From 1995 to 1997, Neal was an assistant professor at Southwestern College, in the southern Flint Hills of Kansas. During this time, he spent parts of his summers working as a field resource person in support of Organization for Tropical Studies field courses in Costa Rica. He also met his wife, Sandy Feinstein, a PhD in Medieval Literature, at Southwestern, and eventually induced her to move back east and take a job as the honors coordinator at Penn State University, Reading, Pennsylvania. From 1997 to 2000, Neal was an assistant professor at East Stroudsburg University in the Poconos region of Pennsylvania. During this time, he led summer field courses back to Costa Rica and Nicaragua.

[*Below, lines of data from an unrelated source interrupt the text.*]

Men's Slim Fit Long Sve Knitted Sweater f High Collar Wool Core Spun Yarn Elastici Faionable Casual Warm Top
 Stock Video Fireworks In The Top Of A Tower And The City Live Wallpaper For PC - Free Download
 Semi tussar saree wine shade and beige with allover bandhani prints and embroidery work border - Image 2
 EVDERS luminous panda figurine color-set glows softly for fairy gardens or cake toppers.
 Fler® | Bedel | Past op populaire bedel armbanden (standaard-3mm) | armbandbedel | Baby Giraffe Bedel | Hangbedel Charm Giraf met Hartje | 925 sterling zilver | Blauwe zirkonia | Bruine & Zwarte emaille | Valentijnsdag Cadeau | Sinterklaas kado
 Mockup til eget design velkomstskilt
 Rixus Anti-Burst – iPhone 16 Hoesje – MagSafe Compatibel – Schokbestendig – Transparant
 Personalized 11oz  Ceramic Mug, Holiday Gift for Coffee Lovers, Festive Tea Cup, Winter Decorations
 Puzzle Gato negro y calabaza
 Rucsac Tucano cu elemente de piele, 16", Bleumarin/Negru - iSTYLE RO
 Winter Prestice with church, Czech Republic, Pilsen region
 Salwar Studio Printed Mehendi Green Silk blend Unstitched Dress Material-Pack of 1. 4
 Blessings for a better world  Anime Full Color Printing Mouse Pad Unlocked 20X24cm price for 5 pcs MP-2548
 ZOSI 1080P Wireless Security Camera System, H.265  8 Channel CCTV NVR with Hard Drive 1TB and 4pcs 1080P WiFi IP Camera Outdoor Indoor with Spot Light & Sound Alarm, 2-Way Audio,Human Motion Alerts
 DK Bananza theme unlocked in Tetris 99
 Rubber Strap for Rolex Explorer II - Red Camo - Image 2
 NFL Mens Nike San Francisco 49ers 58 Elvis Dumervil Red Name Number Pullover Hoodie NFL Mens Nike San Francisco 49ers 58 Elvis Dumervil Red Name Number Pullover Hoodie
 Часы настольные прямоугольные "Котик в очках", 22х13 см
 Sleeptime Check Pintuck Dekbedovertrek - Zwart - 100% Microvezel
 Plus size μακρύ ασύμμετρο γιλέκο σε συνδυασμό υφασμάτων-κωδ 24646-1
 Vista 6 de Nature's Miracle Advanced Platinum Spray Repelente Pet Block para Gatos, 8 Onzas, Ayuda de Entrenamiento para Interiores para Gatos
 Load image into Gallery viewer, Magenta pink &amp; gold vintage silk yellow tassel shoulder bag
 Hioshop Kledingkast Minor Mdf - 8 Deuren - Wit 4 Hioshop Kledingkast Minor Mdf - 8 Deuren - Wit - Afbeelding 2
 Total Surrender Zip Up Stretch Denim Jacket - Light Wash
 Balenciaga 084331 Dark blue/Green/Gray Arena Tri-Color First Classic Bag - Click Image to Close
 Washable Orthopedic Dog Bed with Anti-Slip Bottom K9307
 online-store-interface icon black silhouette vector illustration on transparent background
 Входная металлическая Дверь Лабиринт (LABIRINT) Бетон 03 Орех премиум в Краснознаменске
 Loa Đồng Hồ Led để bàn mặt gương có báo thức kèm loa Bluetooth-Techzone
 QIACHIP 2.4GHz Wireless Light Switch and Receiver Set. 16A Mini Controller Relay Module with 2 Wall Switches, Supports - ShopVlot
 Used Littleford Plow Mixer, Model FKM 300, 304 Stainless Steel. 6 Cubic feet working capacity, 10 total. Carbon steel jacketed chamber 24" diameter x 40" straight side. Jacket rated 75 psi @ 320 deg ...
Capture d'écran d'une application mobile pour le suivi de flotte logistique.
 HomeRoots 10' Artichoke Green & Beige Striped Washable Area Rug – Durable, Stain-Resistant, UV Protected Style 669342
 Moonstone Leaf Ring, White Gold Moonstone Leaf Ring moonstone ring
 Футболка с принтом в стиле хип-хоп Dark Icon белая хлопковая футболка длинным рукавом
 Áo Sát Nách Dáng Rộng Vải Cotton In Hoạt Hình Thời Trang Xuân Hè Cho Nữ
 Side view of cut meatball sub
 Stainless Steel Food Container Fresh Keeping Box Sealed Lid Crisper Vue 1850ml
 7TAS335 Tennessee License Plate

In January 2001, Neal was hired by the USGS Patuxent Wildlife Research Center as a research zoologist and curator of mammals with the Biological Survey Unit in the National Museum of Natural History, Washington, D.C. His research continues to include the taxonomy, systematics, and anatomy of shrews, but he also has published on bats and mastodons, and he has carried out field work in Costa Rica, Ecuador, Guatemala, Mexico, Myanmar, Nicaragua, Peru, and Syria, in addition to parts of the United States, including Alaska. He continues to have interests in Pleistocene mammals and tropical faunas, and he also has studied the history of the collections made by Thomas Say and Titian Ramsey Peale while participating in Major Long’s Expedition to the Rocky Mountains (1819–1820).
Neal lives in Silver Spring, Maryland, with his wife Sandy, and they enjoy hiking portions of the Appalachian Trail and biking together. They also enjoy traveling to new countries. Neal was nominated to join the Washington Biologist’s Field Club by Walter Bulmer, and he was elected to membership in 2009.